Comment la performance du Canada et des provinces a-t-elle évolué au fil du temps?

Depuis 1990, le Canada a réalisé d’immenses progrès en ce qui concerne son taux d’émission de composés organiques volatils. De 1990 à 2014, ce taux a considérablement chuté, passant de 144 kg à 53 kg, soit une réduction de 63 %. Chaque province et territoire a fortement diminué son taux d’émission, dans une fourchette comprise entre 36 % pour la Saskatchewan et 86 % pour l’Île-du-Prince-Édouard. En termes absolus, c’est à Terre-Neuve-et-Labrador que la plus forte réduction des émissions de composés organiques volatils a été enregistrée au cours de cette période : les émissions par habitant de cette province sont passées de près de 800 kg en 1990 à 126 kg en 2014, soit une diminution de 84 %. Ces progrès sont en grande partie attribuables à la réduction des émissions des véhicules hors route.

Qu’est-ce qui génère les émissions de composés organiques volatils au Canada?

Les émissions de composés organiques volatils proviennent tant de sources naturelles que des activités humaines. Parmi les sources naturelles d’émission figurent la végétation et les feux de forêt. Bien que les sources naturelles d’émission soient globalement plus importantes, ce sont les activités humaines dans les zones peuplées et industrialisées qui contribuent le plus aux problèmes de qualité de l’air.

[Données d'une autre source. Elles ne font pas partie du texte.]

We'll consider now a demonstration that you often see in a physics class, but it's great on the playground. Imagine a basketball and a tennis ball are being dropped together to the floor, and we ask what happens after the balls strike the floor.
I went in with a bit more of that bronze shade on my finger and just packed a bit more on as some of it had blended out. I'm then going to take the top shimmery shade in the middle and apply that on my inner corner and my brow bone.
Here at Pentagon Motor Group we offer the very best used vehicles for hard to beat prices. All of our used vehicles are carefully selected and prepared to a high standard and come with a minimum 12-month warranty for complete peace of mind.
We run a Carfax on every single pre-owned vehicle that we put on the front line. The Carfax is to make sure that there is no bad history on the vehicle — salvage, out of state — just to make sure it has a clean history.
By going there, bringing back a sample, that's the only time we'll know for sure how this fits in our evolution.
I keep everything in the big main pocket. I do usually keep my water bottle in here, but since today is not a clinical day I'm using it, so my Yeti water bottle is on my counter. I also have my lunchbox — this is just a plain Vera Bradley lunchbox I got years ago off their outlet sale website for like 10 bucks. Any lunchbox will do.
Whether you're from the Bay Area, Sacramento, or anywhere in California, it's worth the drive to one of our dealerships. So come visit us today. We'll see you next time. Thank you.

L’industrie du pétrole et du gaz est la principale émettrice de composés organiques volatils au Canada (39 % des émissions), suivie par le transport (22 %) et l’utilisation de peintures et de solvants (14 %). Les autres émissions proviennent à peu près à parts égales de l’agriculture, de la combustion de bois de chauffage, des transports, des véhicules hors route, et d’autres sources2. Comme l’industrie du pétrole et du gaz est concentrée en Alberta, en Saskatchewan et à Terre-Neuve-et-Labrador, il n’est guère surprenant que ces provinces enregistrent les taux les plus élevés du pays en ce qui concerne l’émission de composés organiques volatils.

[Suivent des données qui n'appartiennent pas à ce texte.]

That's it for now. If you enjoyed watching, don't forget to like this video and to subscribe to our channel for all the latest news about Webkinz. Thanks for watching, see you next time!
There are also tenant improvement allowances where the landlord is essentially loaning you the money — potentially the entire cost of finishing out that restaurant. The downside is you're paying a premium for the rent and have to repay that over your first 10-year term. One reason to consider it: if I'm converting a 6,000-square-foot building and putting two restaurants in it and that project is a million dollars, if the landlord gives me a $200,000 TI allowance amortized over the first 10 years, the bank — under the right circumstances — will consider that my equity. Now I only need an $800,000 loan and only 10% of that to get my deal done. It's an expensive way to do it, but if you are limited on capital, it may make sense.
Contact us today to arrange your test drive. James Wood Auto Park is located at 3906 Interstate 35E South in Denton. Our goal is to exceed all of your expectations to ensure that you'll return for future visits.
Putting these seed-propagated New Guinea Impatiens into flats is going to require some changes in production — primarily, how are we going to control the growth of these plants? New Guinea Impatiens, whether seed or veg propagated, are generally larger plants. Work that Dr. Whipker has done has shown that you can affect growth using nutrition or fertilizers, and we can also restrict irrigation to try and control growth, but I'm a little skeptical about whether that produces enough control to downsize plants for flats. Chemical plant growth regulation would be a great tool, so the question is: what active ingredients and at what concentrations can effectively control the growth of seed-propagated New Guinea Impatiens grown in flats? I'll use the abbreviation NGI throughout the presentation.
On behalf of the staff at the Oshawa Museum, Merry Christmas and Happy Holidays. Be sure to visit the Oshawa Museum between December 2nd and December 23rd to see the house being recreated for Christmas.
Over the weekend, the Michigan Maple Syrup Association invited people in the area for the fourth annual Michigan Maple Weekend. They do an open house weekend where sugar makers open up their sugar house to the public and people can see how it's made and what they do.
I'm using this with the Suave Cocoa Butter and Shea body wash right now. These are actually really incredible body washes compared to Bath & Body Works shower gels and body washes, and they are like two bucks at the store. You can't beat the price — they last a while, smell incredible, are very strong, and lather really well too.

Que fait le Canada pour réduire les émissions de composés organiques volatils?

Le Canada a considérablement réduit son taux d’émission de composés organiques volatils ces 20 dernières années, essentiellement grâce à des technologies et des carburants pour les véhicules plus propres, à une diminution des émissions industrielles de composés organiques volatils, et à une réduction des niveaux de composés organiques volatils dans les peintures, les solvants et les produits de nettoyage. Cependant, comme il a encore un taux d’émission supérieur à celui de tous les pays de comparaison, il peut faire encore beaucoup mieux.

En 2012, le Conseil canadien des ministres de l’Environnement (un conseil intergouvernemental qui facilite la prise de mesures environnementales concertées entre les ordres de gouvernement fédéral, provincial et territorial), à l’exception du ministre de l’Environnement du Québec, a décidé de mettre en œuvre un système pancanadien de gestion de la qualité de l’air – un ensemble de lignes directrices pour surveiller les émissions et fixer des normes à cet égard. Ce système comprend des normes sur la qualité de l’air – définies dans les normes canadiennes de qualité de l’air ambiant – pour les particules fines (PM2,5) et l’ozone. Des normes sont en cours d’élaboration pour le dioxyde d’azote (NO2) et le dioxyde de soufre (SO2). Le système de gestion de la qualité de l’air délimite aussi des zones atmosphériques (à l’intérieur des provinces et des territoires) et des bassins atmosphériques régionaux (qui transcendent les frontières provinciales et territoriales) afin de guider la coopération entre les différentes administrations pour se conformer aux normes canadiennes de qualité de l’air ambiant. De plus, il fixe des exigences de base relatives aux émissions industrielles afin d’uniformiser les normes sur les émissions à l’intention des industries du Canada et exige que des données sur les émissions et la qualité de l’air ambiant soient rendues publiques.

Notes de bas de page

1    Canada, ministère de l’Environnement, Inventaire des émissions de polluants atmosphériques (consulté le 22 mars 2016).

2    Canada, ministère de l’Environnement, Inventaire des émissions de polluants atmosphériques (consulté le 22 mars 2016).